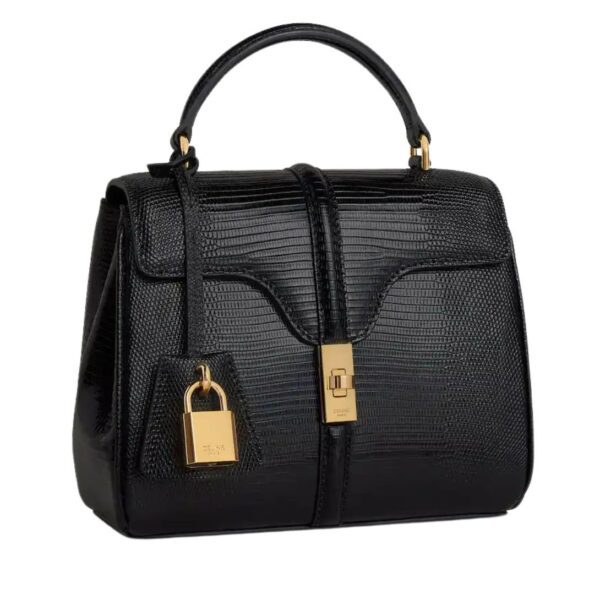 CELINE MINI 16 IN LIZARD - Image 3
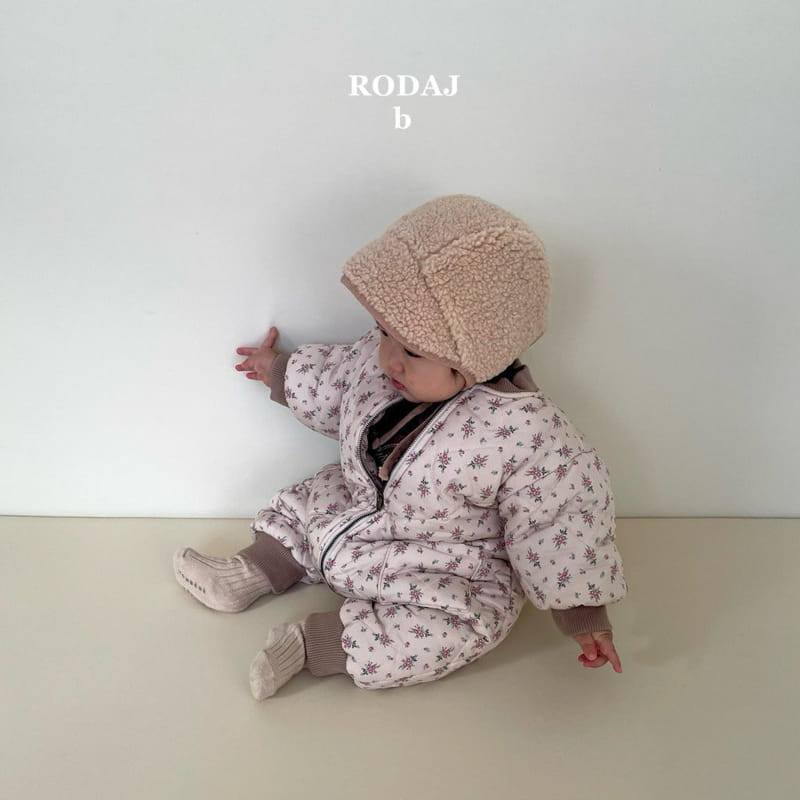 Roda J - Korean Baby Fashion - #babyclothing - Have Bodysuit - 9
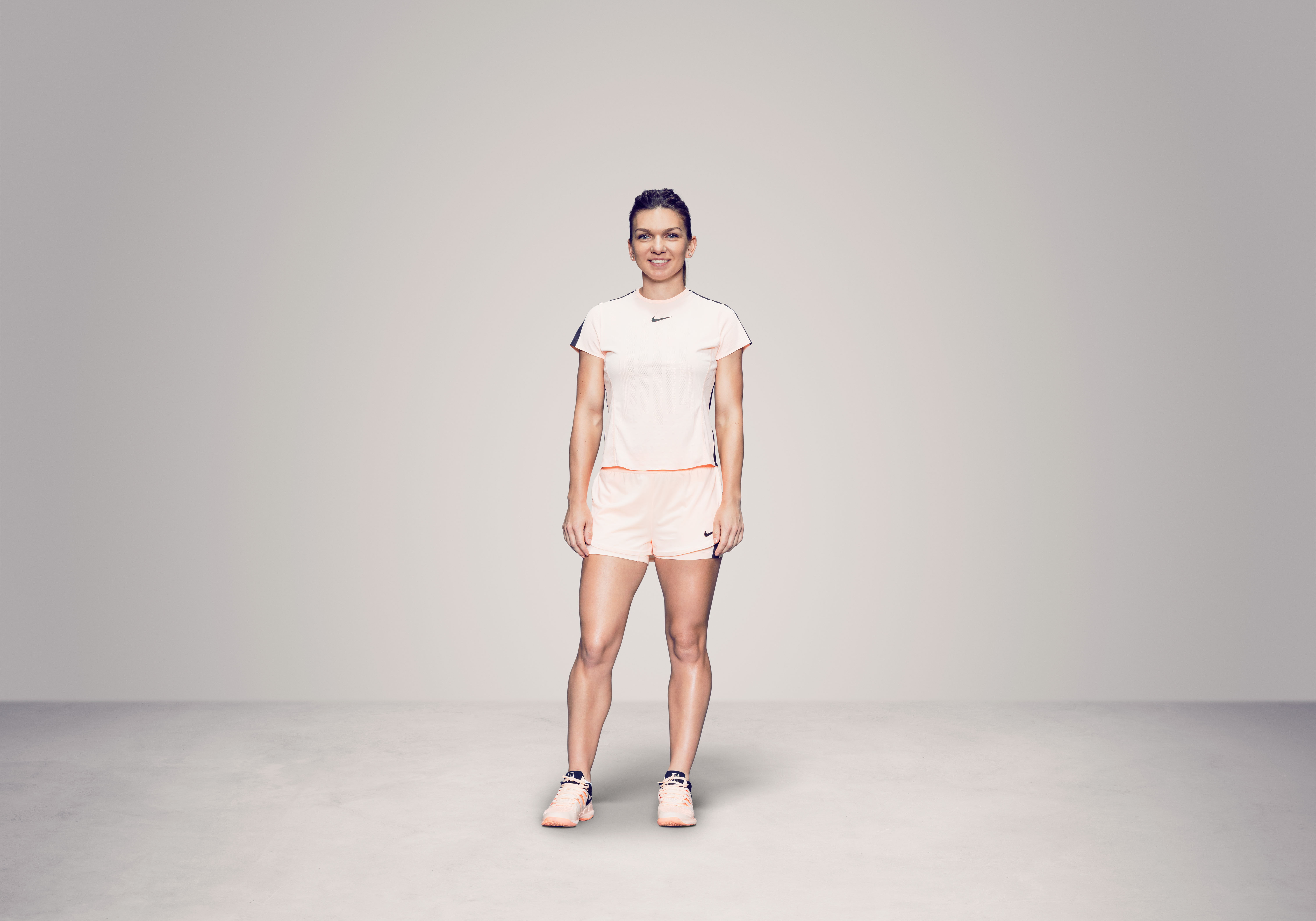Tennis, Simona Halep, 5K, Romanian, HD Wallpaper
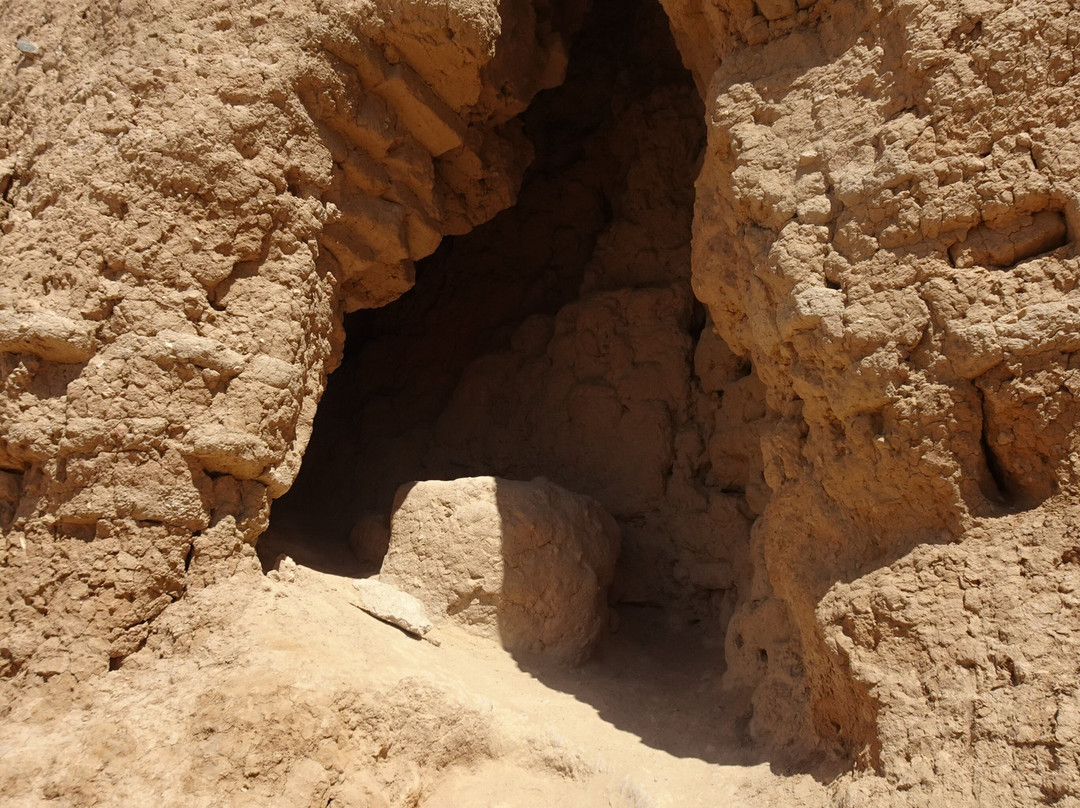 Fortress of Alexander the Great-Nurota必去景点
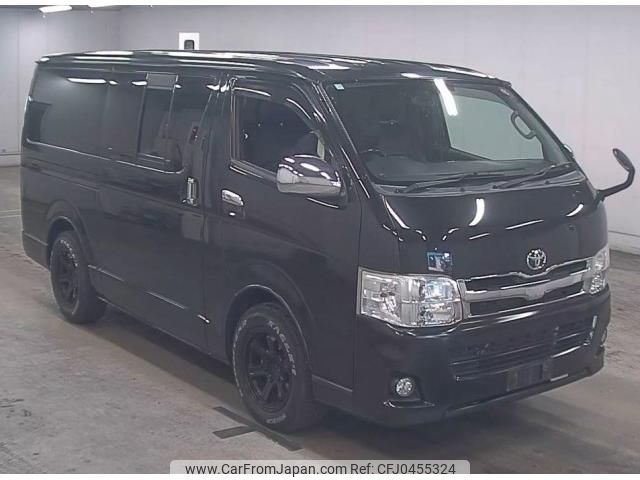 toyota hiace-van 2011 quick_quick_CBF-TRH200V_TRH200-0148963 image 1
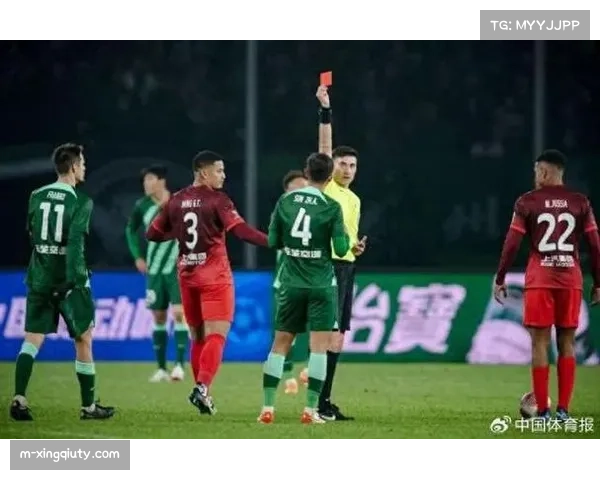 中国足协将启用新赛季裁判评议机制，每周公开关键判罚分析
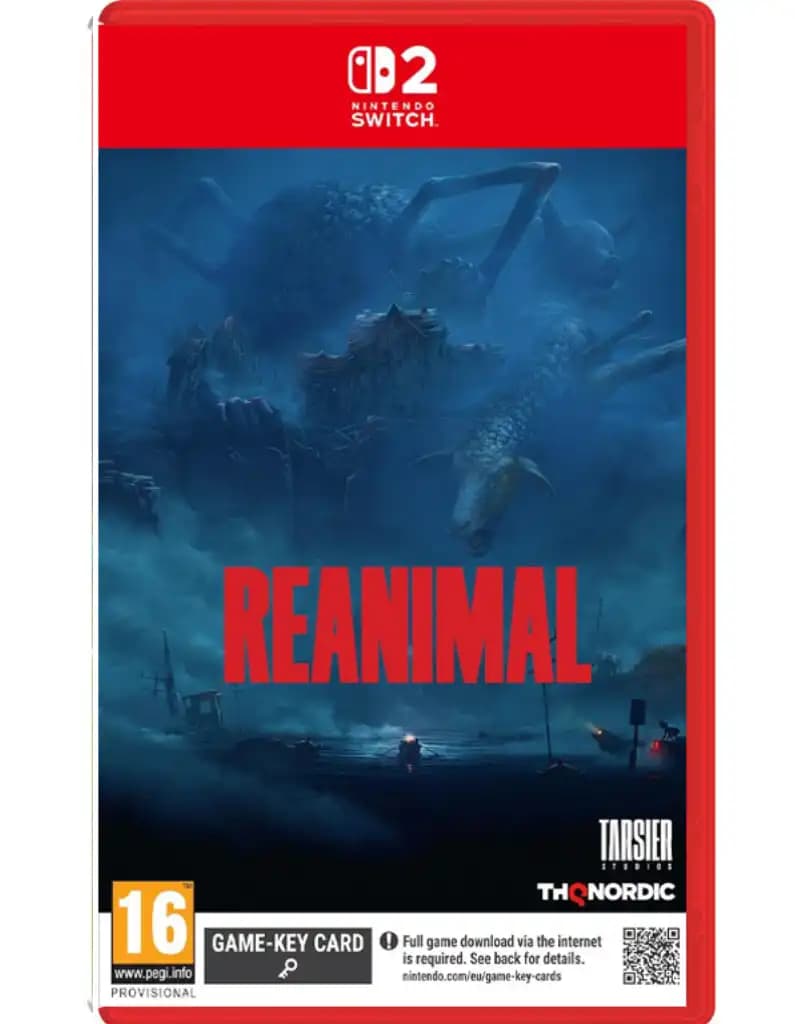بازی REANIMAL برای نینتندو سوییچ 2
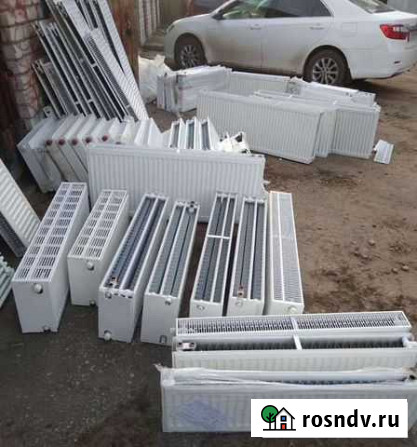 Батареи стальные Владимир - изображение 1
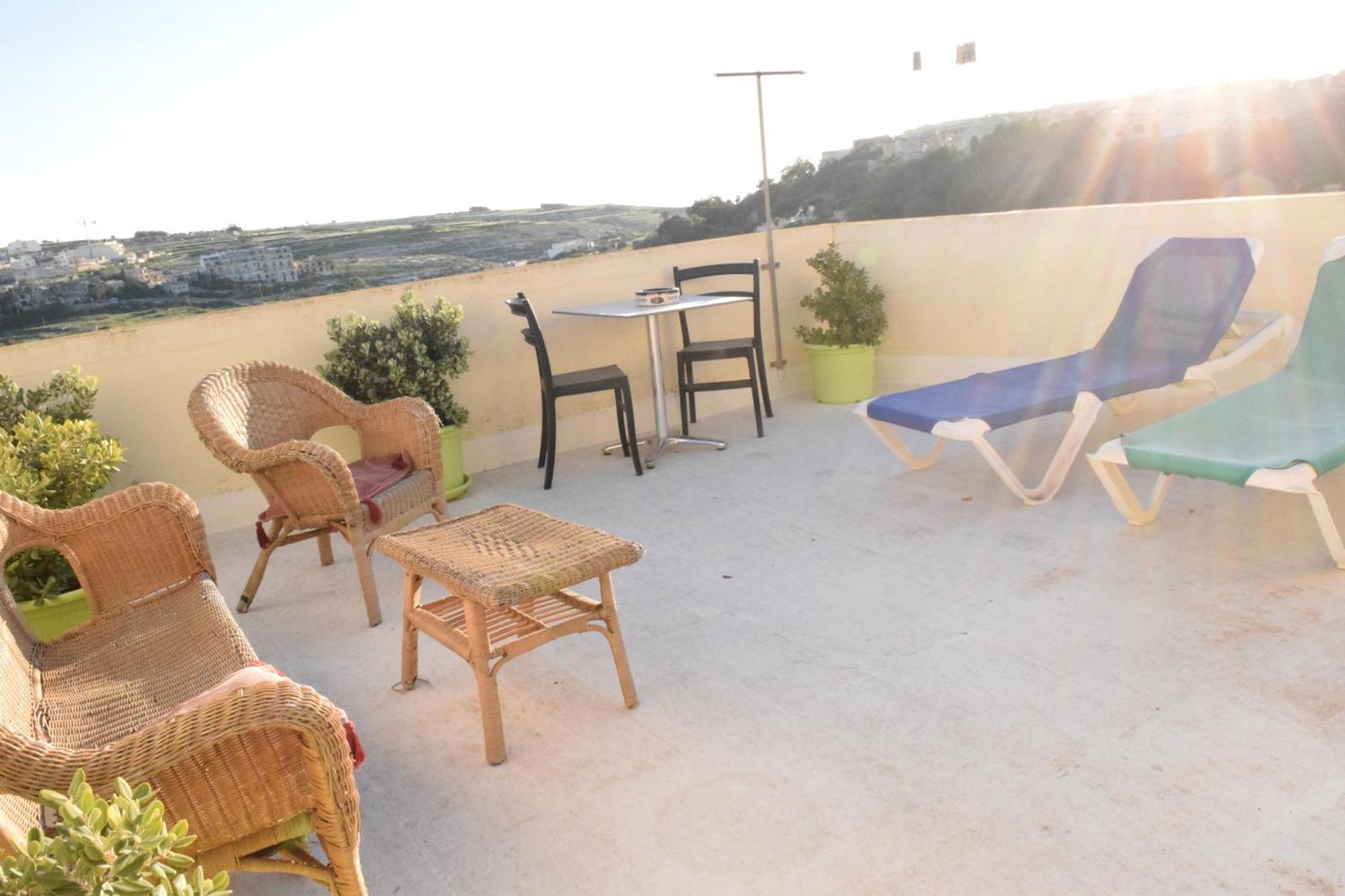 Gmiel In-Natura B&B Ghajn il-Kbira  Exterior photo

....

Exercise requirements: Copy the records word for word, leaving no picture in the copy.

Completed task:
 CELINE MINI 16 IN LIZARD - Image 3
 Roda J - Korean Baby Fashion - #babyclothing - Have Bodysuit - 9
Tennis, Simona Halep, 5K, Romanian, HD Wallpaper
 Fortress of Alexander the Great-Nurota必去景点
 toyota hiace-van 2011 quick_quick_CBF-TRH200V_TRH200-0148963 image 1
 中国足协将启用新赛季裁判评议机制，每周公开关键判罚分析
بازی REANIMAL برای نینتندو سوییچ 2
 Батареи стальные Владимир - изображение 1
 Gmiel In-Natura B&B Ghajn il-Kbira  Exterior photo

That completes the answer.